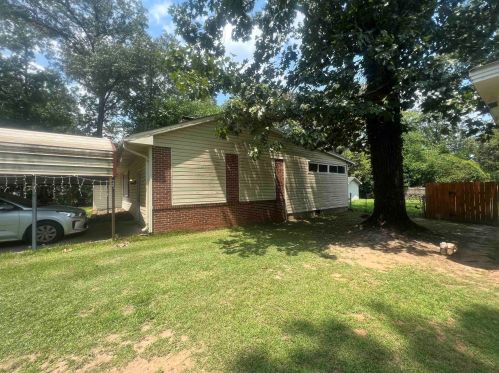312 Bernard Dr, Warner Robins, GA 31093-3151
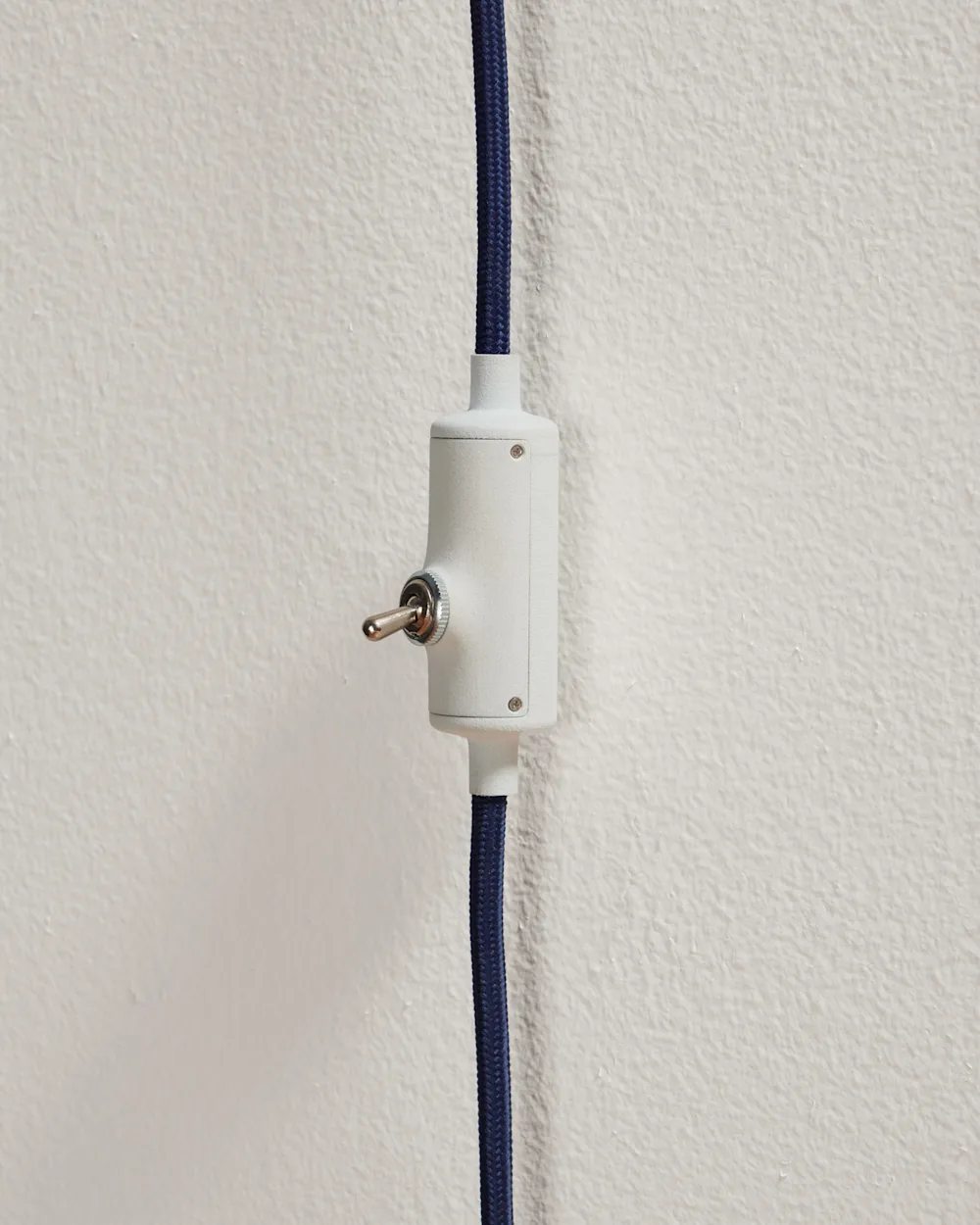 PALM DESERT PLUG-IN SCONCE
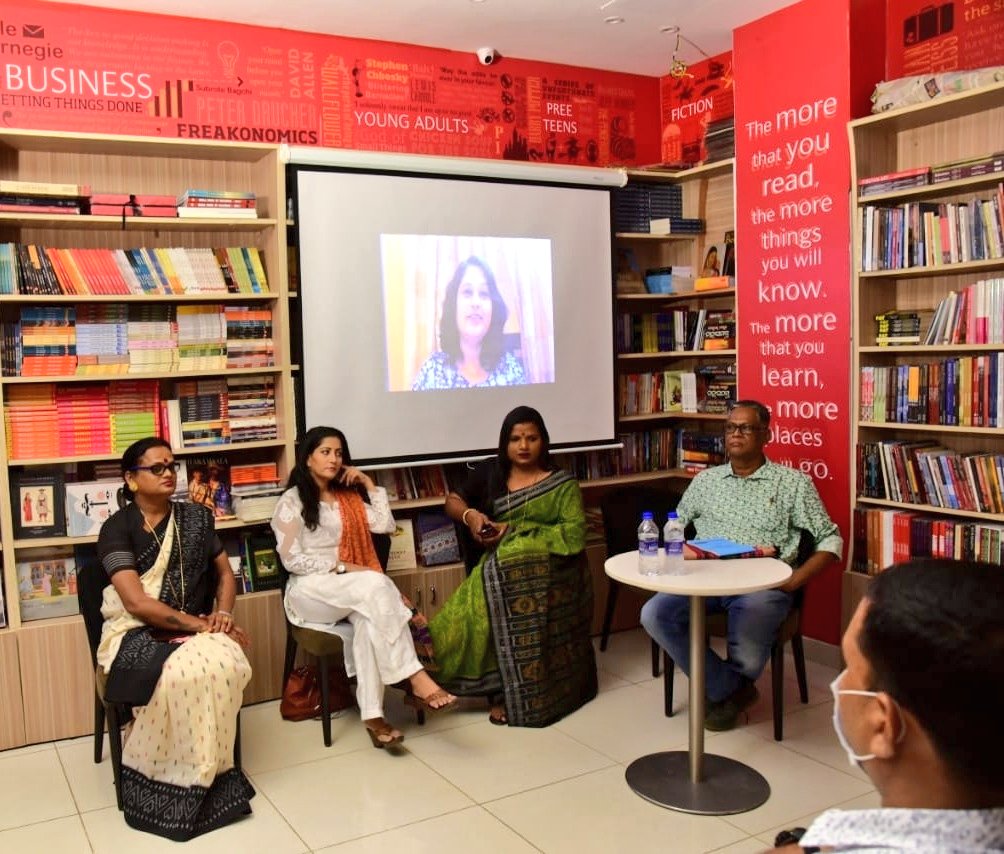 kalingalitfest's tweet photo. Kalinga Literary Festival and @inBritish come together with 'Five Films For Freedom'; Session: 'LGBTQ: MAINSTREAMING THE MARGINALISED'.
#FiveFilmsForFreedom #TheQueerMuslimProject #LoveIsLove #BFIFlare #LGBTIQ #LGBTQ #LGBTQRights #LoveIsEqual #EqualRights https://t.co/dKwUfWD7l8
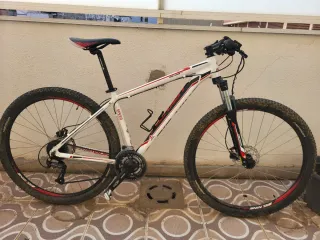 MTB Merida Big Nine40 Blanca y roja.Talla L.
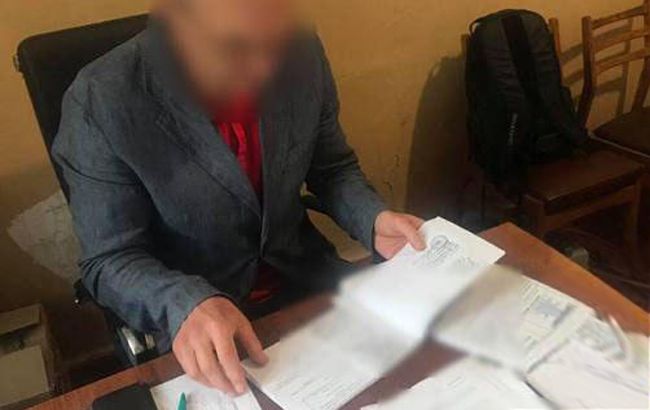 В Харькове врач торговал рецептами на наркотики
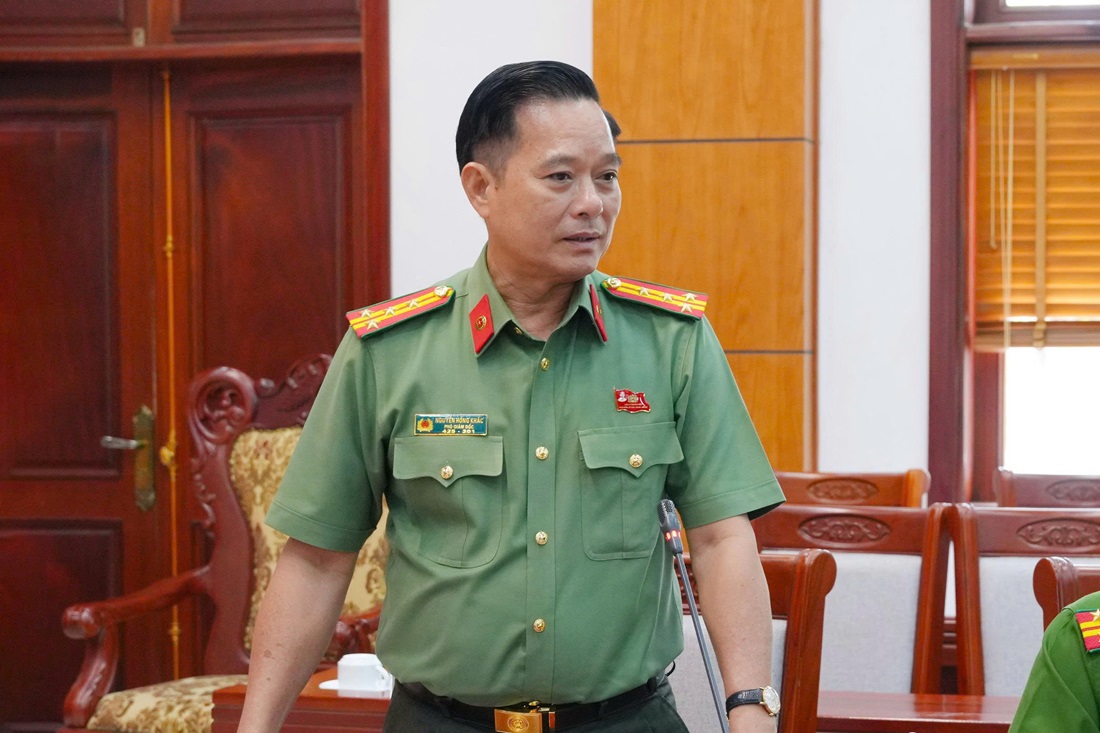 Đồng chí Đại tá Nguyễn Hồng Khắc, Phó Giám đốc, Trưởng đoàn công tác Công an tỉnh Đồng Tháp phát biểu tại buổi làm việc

--------------------

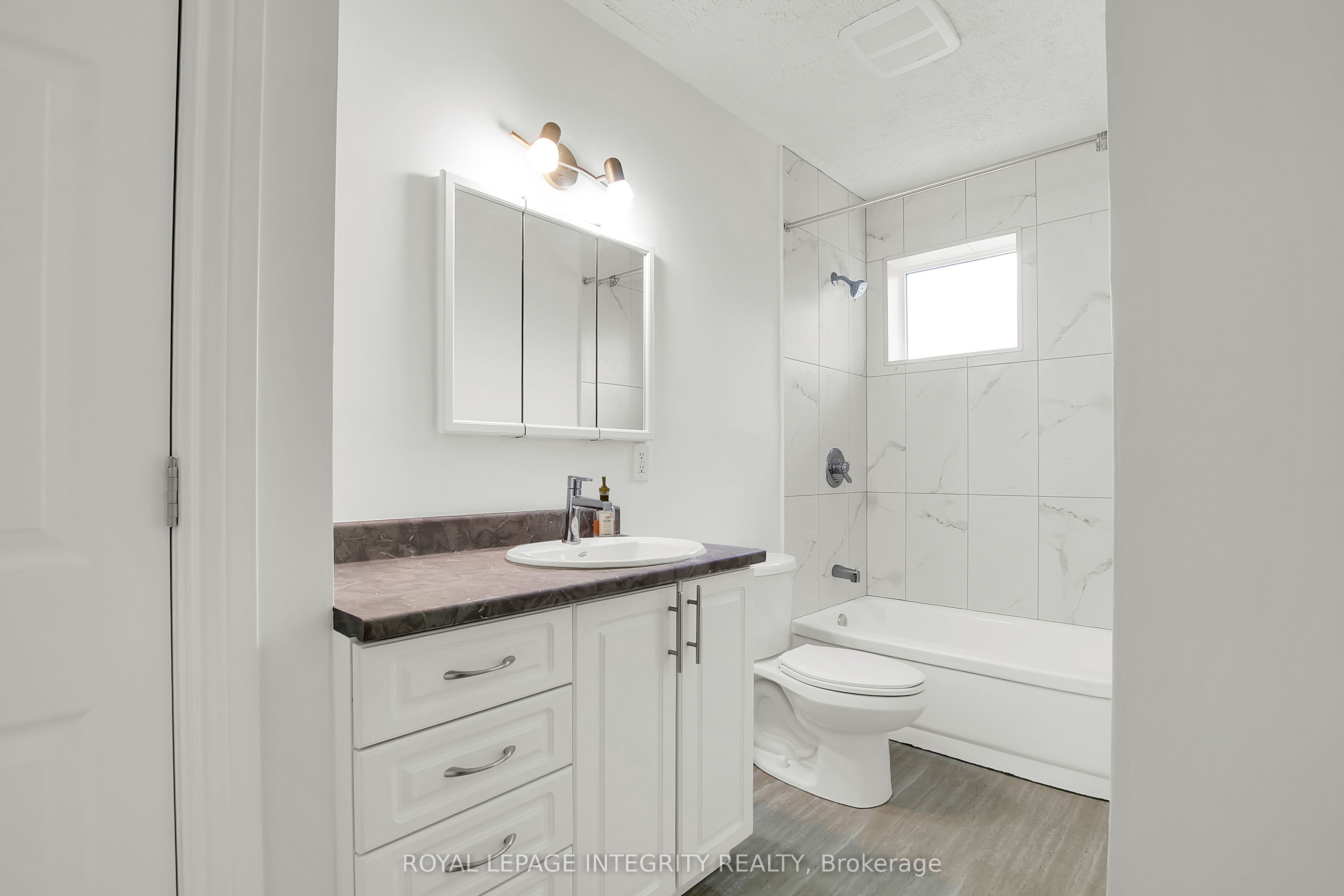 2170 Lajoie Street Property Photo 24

--------------------

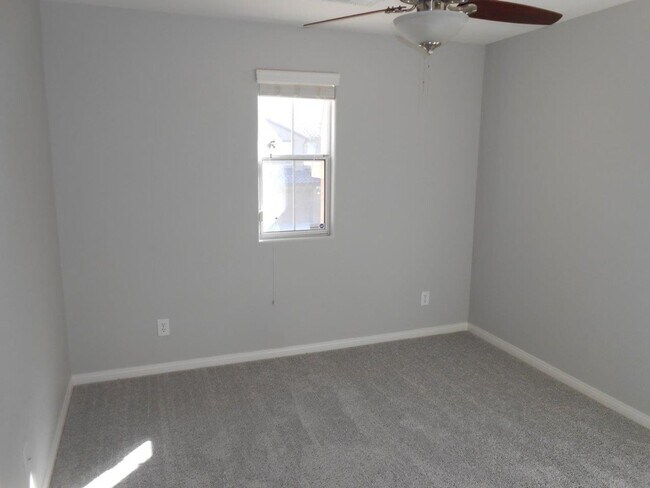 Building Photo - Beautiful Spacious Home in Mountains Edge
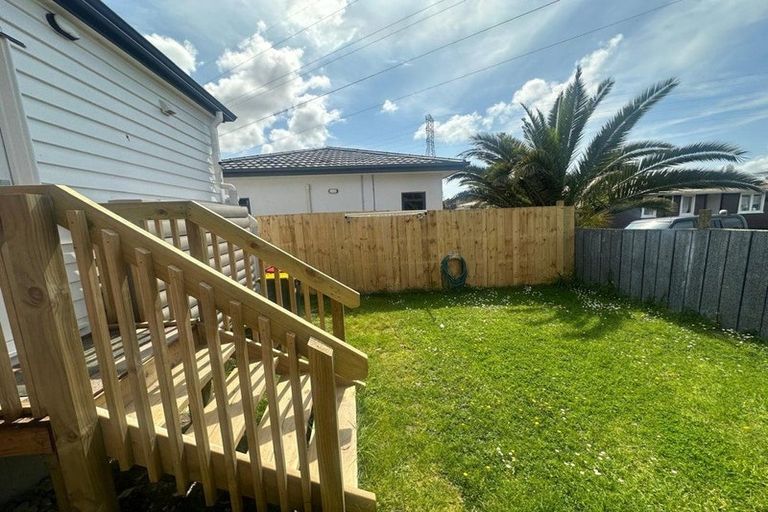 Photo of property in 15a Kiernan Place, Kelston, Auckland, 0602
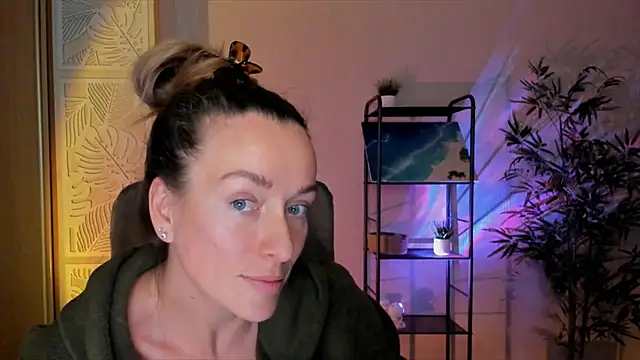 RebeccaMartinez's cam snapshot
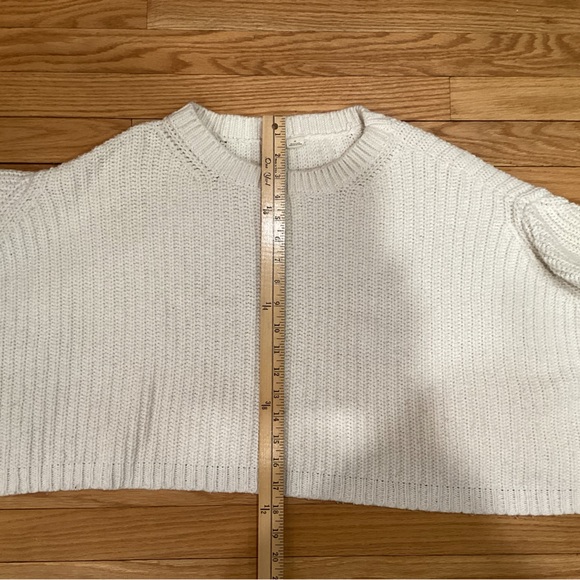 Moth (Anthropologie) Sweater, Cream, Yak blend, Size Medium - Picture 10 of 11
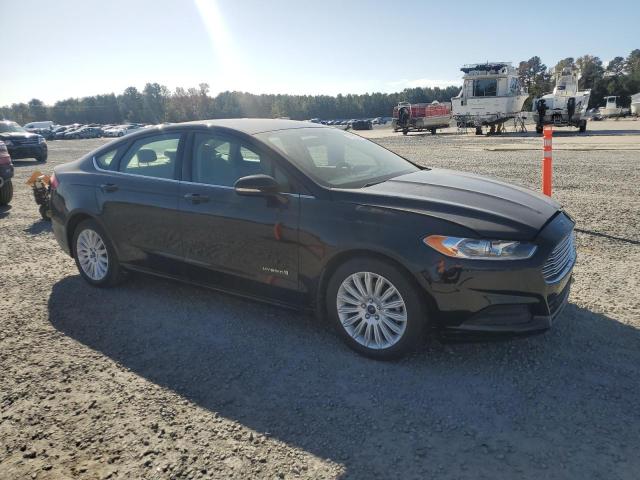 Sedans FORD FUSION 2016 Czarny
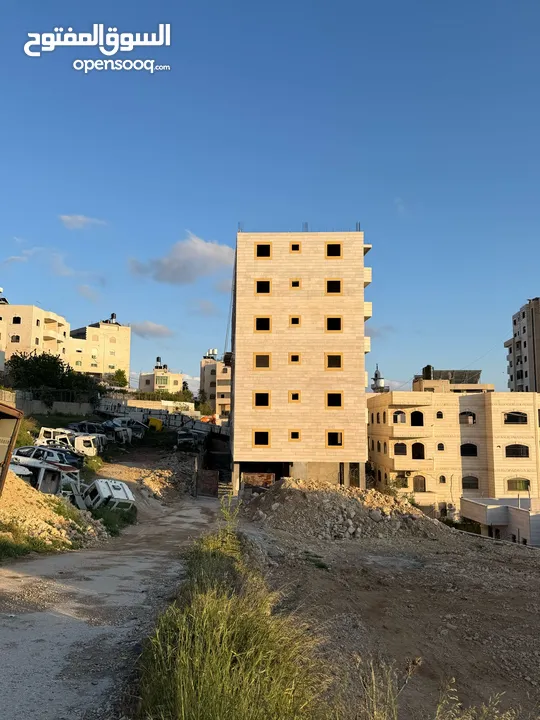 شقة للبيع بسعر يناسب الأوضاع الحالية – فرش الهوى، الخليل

--------------------

Copy the entries above exactly, but only the stretch from the line containing "#FiveFilmsForFreedom #TheQueerMuslimProject #LoveIsLove" through the line containing "Đồng chí Đại". Keep both end lines; drop the pictures.

* Problem solution
#FiveFilmsForFreedom #TheQueerMuslimProject #LoveIsLove #BFIFlare #LGBTIQ #LGBTQ #LGBTQRights #LoveIsEqual #EqualRights https://t.co/dKwUfWD7l8
 MTB Merida Big Nine40 Blanca y roja.Talla L.
 В Харькове врач торговал рецептами на наркотики
 Đồng chí Đại tá Nguyễn Hồng Khắc, Phó Giám đốc, Trưởng đoàn công tác Công an tỉnh Đồng Tháp phát biểu tại buổi làm việc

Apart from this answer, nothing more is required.